Quello che accade in Europa, da un punto di vista geopolitico, avrà un'importanza cruciale. Nel 2016 abbiamo già visto come il Regno Unito abbia votato in favore della fuoriuscita dall'UE, mentre l'elettorato italiano ha respinto la riforma costituzionale del primo ministro Matteo Renzi. Nel corso di quest'anno sono in programma elezioni in Francia e in Germania, senza dimenticare l'invocazione dell'Articolo 50. Il continuo spostamento degli orientamenti politici a destra comporterebbe l'attuazione di un maggior numero di provvedimenti populisti. In Europa, il margine di intervento per ridurre le imposte e aumentare la spesa è limitato perché la politica fiscale è vincolata dal trattato di Maastricht, che impone ai governi degli Stati membri di mantenere il deficit entro il 3% del PIL (e il debito pubblico entro il 60%). Tuttavia, se venissero eletti partiti populisti che si dicono intenzionati a contravvenire a queste regole, i rischi riguardanti il progetto dell'Eurozona aumenterebbero.


Per ironia della sorte, questa congiuntura farebbe dell'Europa un terreno fertile per un aumento complessivo dei tassi, piuttosto che per una riduzione.

Cosa potrà accadere

In conclusione: la bolla obbligazionaria sta scoppiando. Quanto sarà forte la detonazione? Non è possibile prevederlo, poiché numerose forze deflazionistiche stanno ancora ribollendo appena sotto la superficie e le incertezze politiche sono molteplici. Quasi certamente, Trump riuscirà a far approvare gli sgravi fiscali e una versione edulcorata del suo pacchetto di misure per aumentare la spesa destinata a infrastrutture e difesa. La Cina è in fase di stabilizzazione e, di conseguenza, diminuisce la sua dipendenza dalle politiche monetarie accomodanti. I deflussi di capitali probabilmente diminuiranno con la rivalutazione dello yuan e la poderosa forza rappresentata dagli acquisti della banca centrale (sotto forma di investimenti o di QE) si smorzerà. Per quanto riguarda l'Europa, è molto difficile fare previsioni, ma sarebbe sbagliato estrapolare ciò che è accaduto nel Regno Unito con la Brexit (o con l'elezione di Donald Trump e il referendum in Italia).

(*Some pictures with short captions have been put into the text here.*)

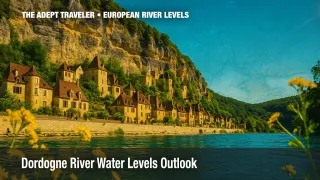 Cliffside village of La Roque Gageac with honey stone houses above the deep aqua Dordogne River, drifting yellow wildflowers in the foreground, sandstone grain texture overlay.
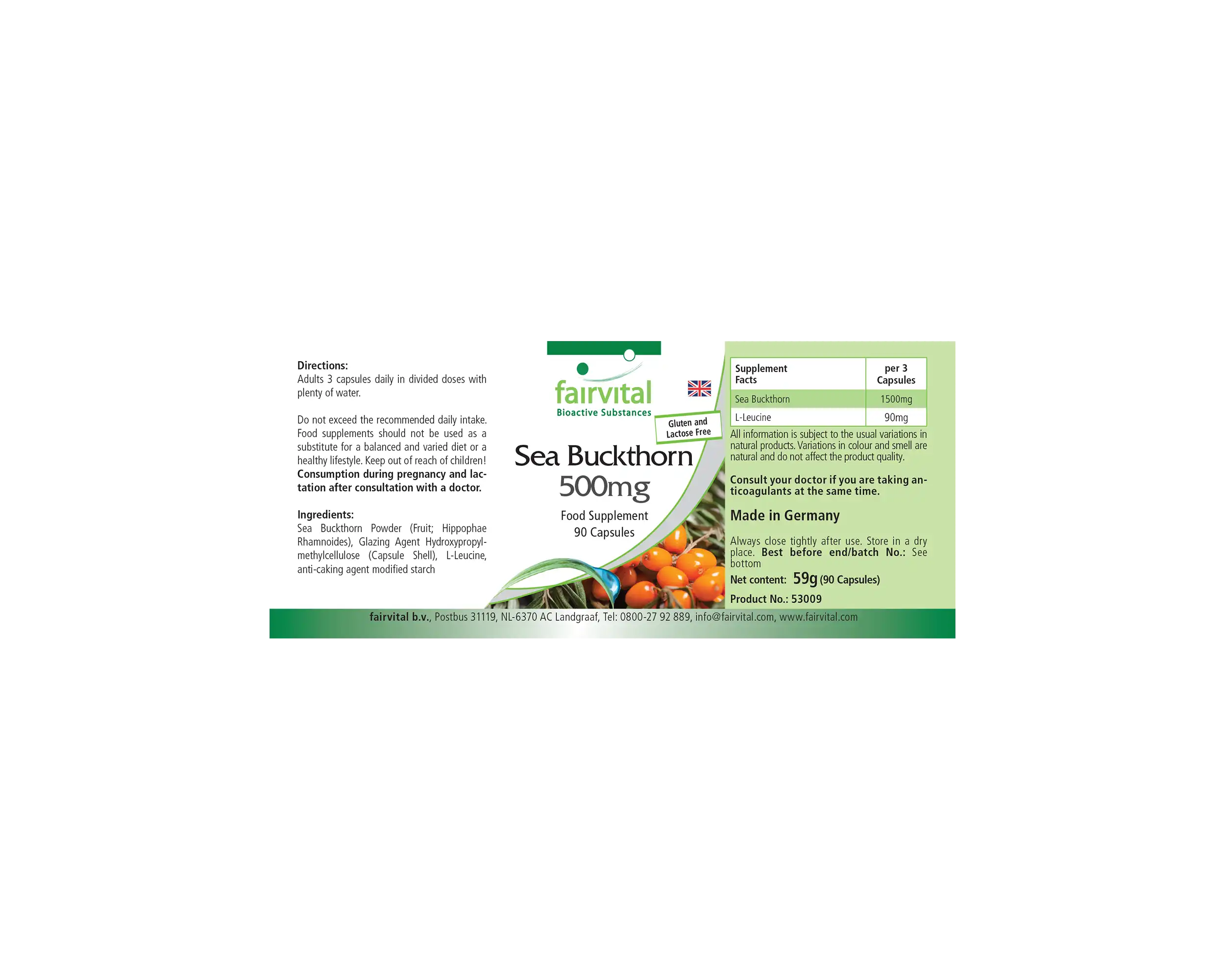 Sanddorn 500mg - 90 Kapseln - Hochdosiert und Vegan | Fairvital Sanddorn 500mg - 90 Kapseln - Hochdosiert und Vegan | Fairvital
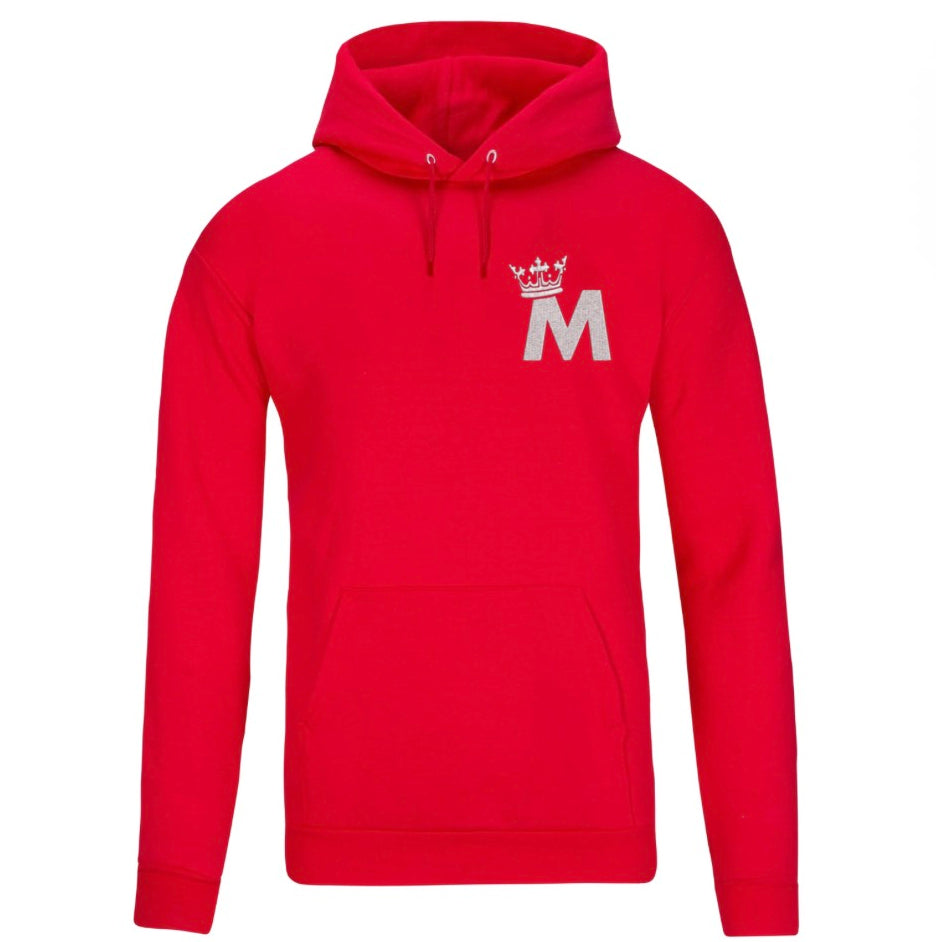 Red hoodie with a logo on the chest against a white background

Ciononostante, quello che prima appariva impossibile è diventato possibile. A nostro avviso, le aspettative inflazionistiche continueranno a crescere rispetto ai livelli attuali ancora molto bassi. L'economia statunitense è prossima alla piena occupazione. L'inflazione dei salari, abbinata a un modesto protezionismo e a una prolungata ripresa, dovrebbe stimolare aspettative di inflazione elevate. Prevediamo che i tassi di riferimento in Europa resteranno più bassi ancora per un certo tempo dato che l'incertezza (legata non soltanto al rischio geopolitico ma anche ai timori per la solidità di alcune economie nella regione) è ancora tale da consentire alle banche centrali di persistere con la politica dei tassi "più bassi più a lungo". Anche in Giappone un rialzo dei tassi appare improbabile, di conseguenza gli Stati Uniti restano in un certo senso alla ribalta. Dato l'aumento delle pressioni salariali e della spesa fiscale, prevediamo ulteriori innalzamenti dei tassi nel 2017 dopo quello deciso dalla Fed a dicembre. Il vento è cambiato.